In the UK three years ago, the people voted to leave the European Union. Some contend it was a clear majority that felt that way.

How do you define clear? Certainly the “leave” vote was in the majority. I thought the outcome was close and to this day the nation remains heavily divided.

In recent UK-wide elections the newly-formed, one-policy Brexit Party came from nowhere to take the most seats in the UK section of the European Parliament. But the parties campaigning to stay in the European Union also did well. Read into that what you will.

How will it all turn out? Lord knows. My personal preferences are irrelevant (though, for context, I would have voted remain) but I do know one thing: if you poll a nation on what it thinks, you should comply with its wishes. That, I believe, is democracy.

The idea that you ask a question and, if you don’t get the answer you like, you do nothing about it and prevaricate until everyone gets fed up and says “okay, let’s stay then” is not democracy.

Across the “pond” in America, that nation seems very much divided on the issue of having Donald Trump as president. Whether you feel he should be president or not, the fact is that the American people chose him. And they chose him for many reasons – among them putting America first.

Is that a sign of an upsurge in nationalism? Possibly!

There are many that espouse the theory that the UK voted to leave the EU based on nationalism.

There is absolutely nothing wrong in being proud of your country. I am incredibly proud to call myself a Brit. But, if you look through British history, you will see we are a pretty mongrel bunch made up of many European nationalities after the odd invasion or three.

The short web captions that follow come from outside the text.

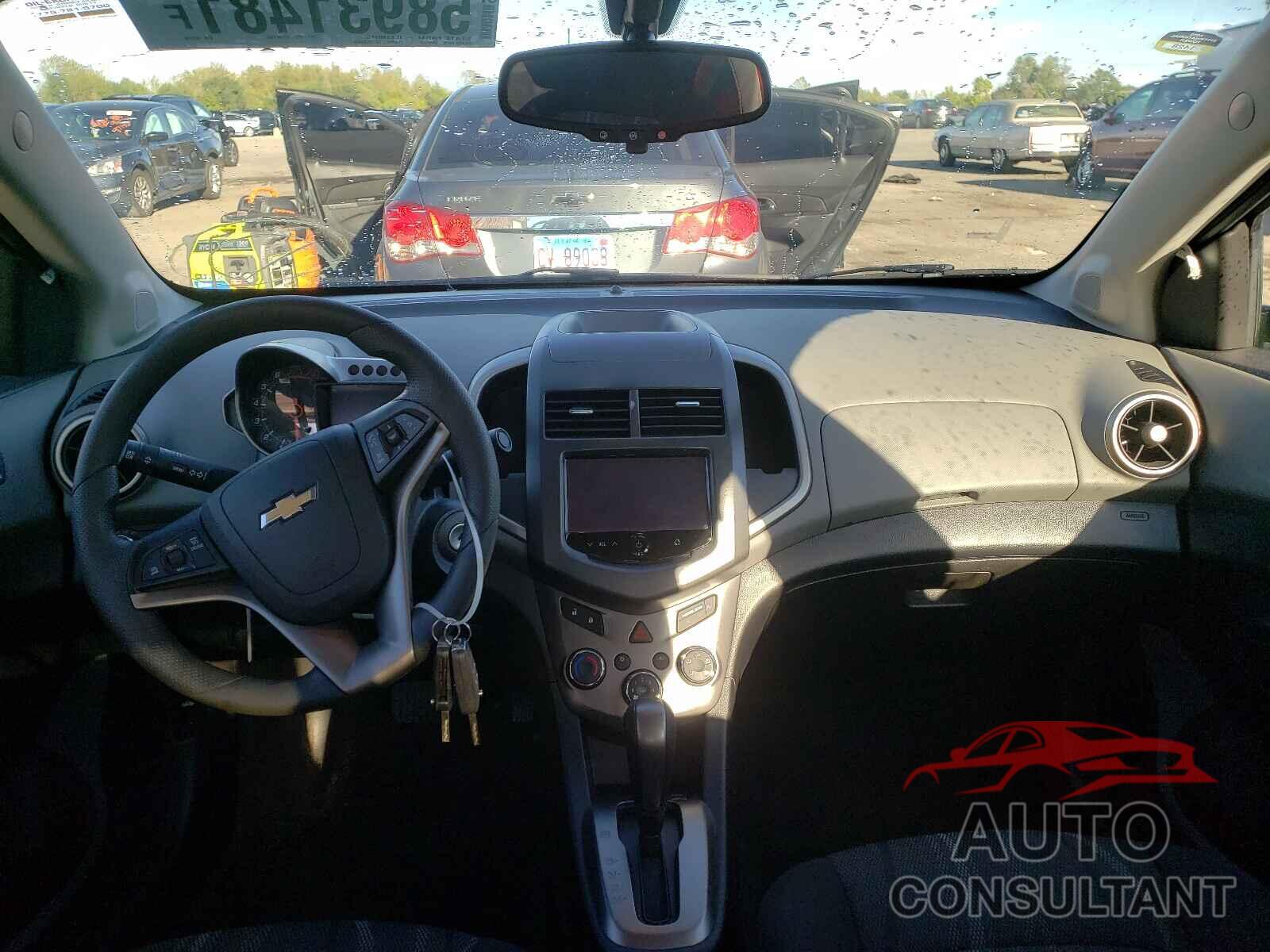 CHEVROLET SONIC 2016 - 1G1JC5SH4G4166268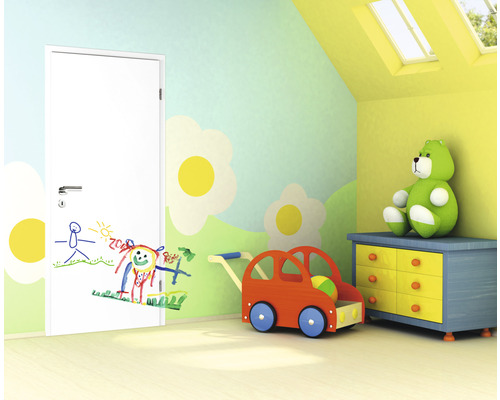 Kinderzimmer mit weisser Tür, bemalt mit Kinderzeichnungen, Spielzeugauto und Kommode
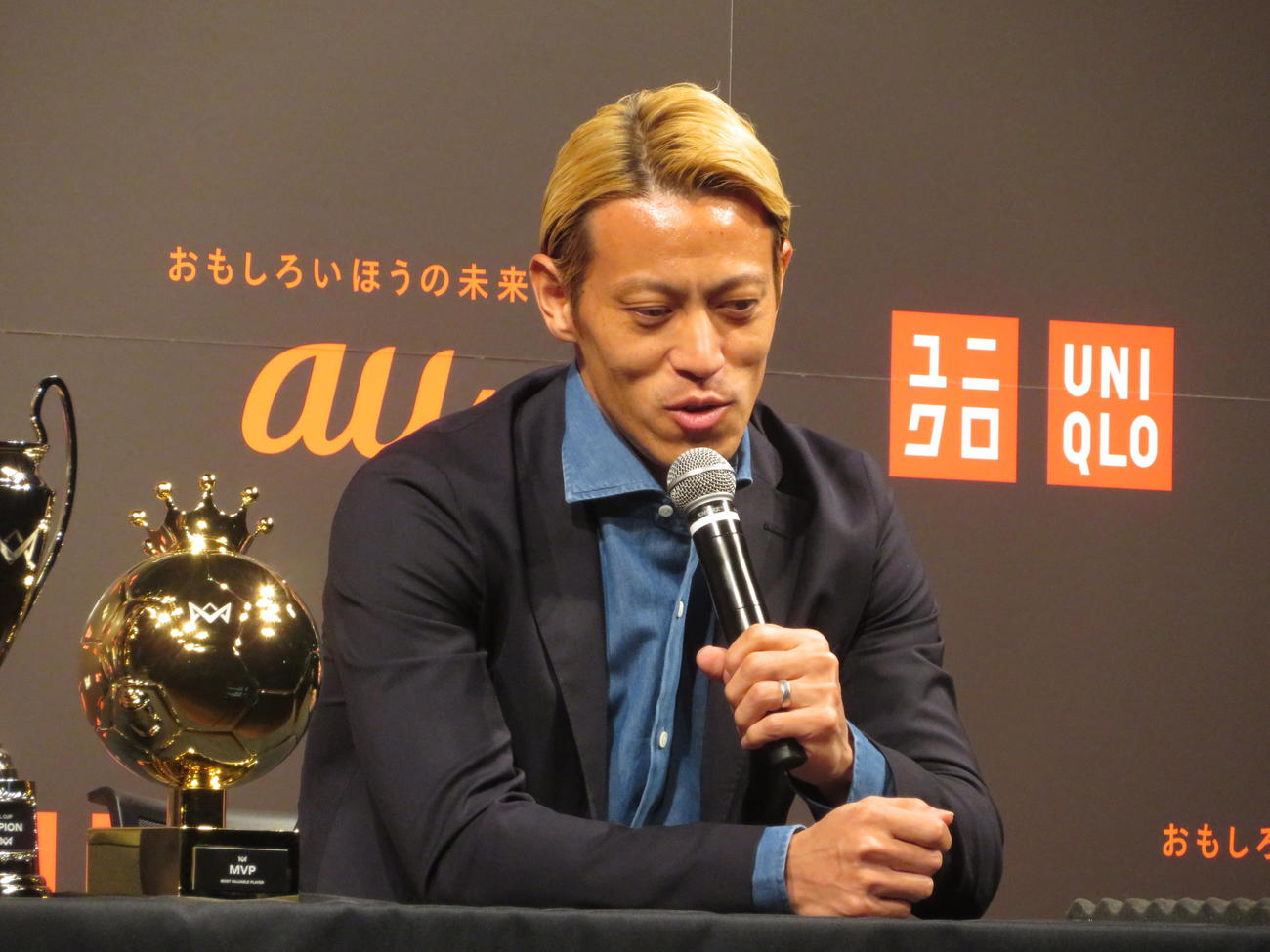 4人制サッカー大会「4v4」2025年シーズン概要記者会見に出席した本田圭佑（撮影・佐藤成）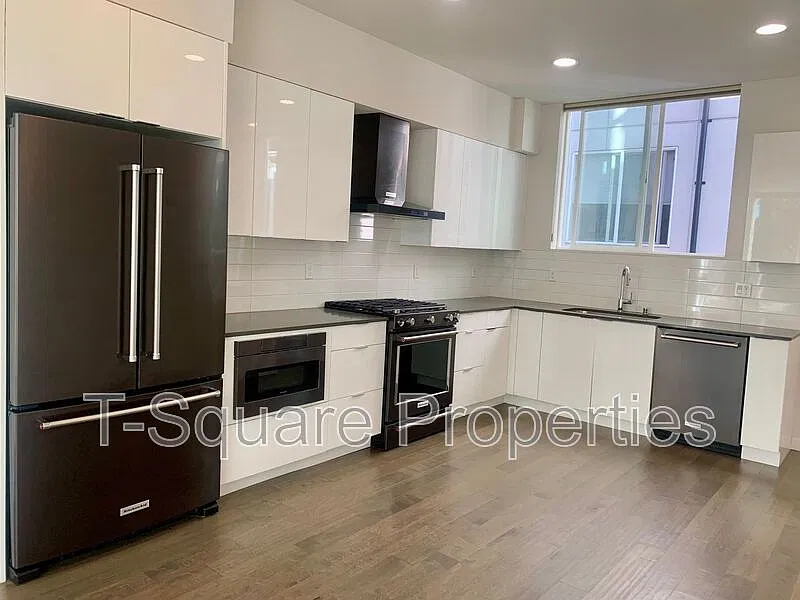 3 bed, 2.0 bath, 1675 sqft, $4,600 — Photo 3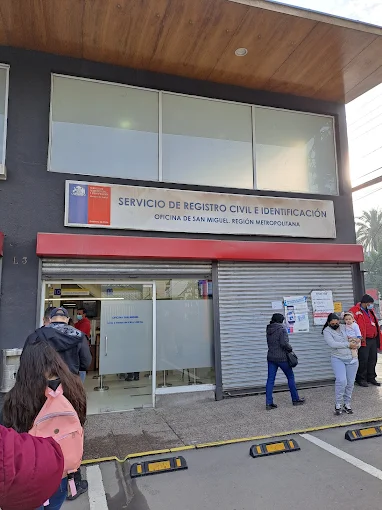 Fachada de la Oficina del Registro Civil en San Miguel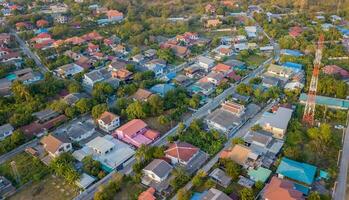 buurt met woon- huizen en opritten, foto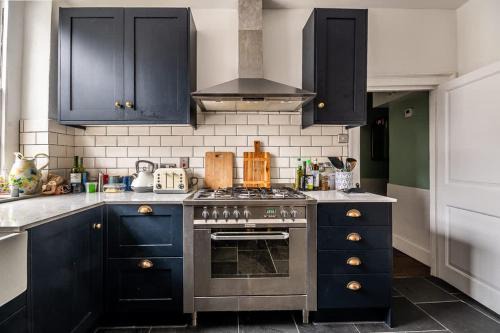 Exeter Casa | Grand Central Sleeps 6 - Short Stays UK Ltd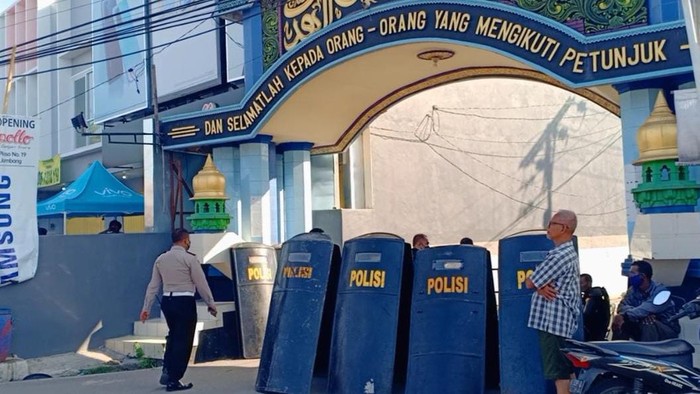 arus lalin di sekitar Ponpes Shiddiqiyyah Ploso, Jombang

Americans are an equally mixed lot, but mashed together over a shorter period.

When nationalism is mis-placed and mis-directed, as a sweeping generalisation, bad things happen.

The last major time we saw strong evidence of this, Americans, Brits, Canadians and like-minded people from around the world ended up wading ashore on a few beaches in France.

I’m writing this 75 years on from that day – D-Day.

When nations start becoming insular, when politicians stop listening to the people they represent, democracy and decency can get kicked into the long grass.

It’s an old adage: for evil to succeed, it is only necessary for good men to do nothing.

I’m not saying that the trends we see at the moment are evil. But, if good men continue to turn a blind eye, they might eventually be allowed to become so.

If we really want to honour the legacy of the brave men who battled at Normandy all those years ago, it might be an idea for good men to start doing something.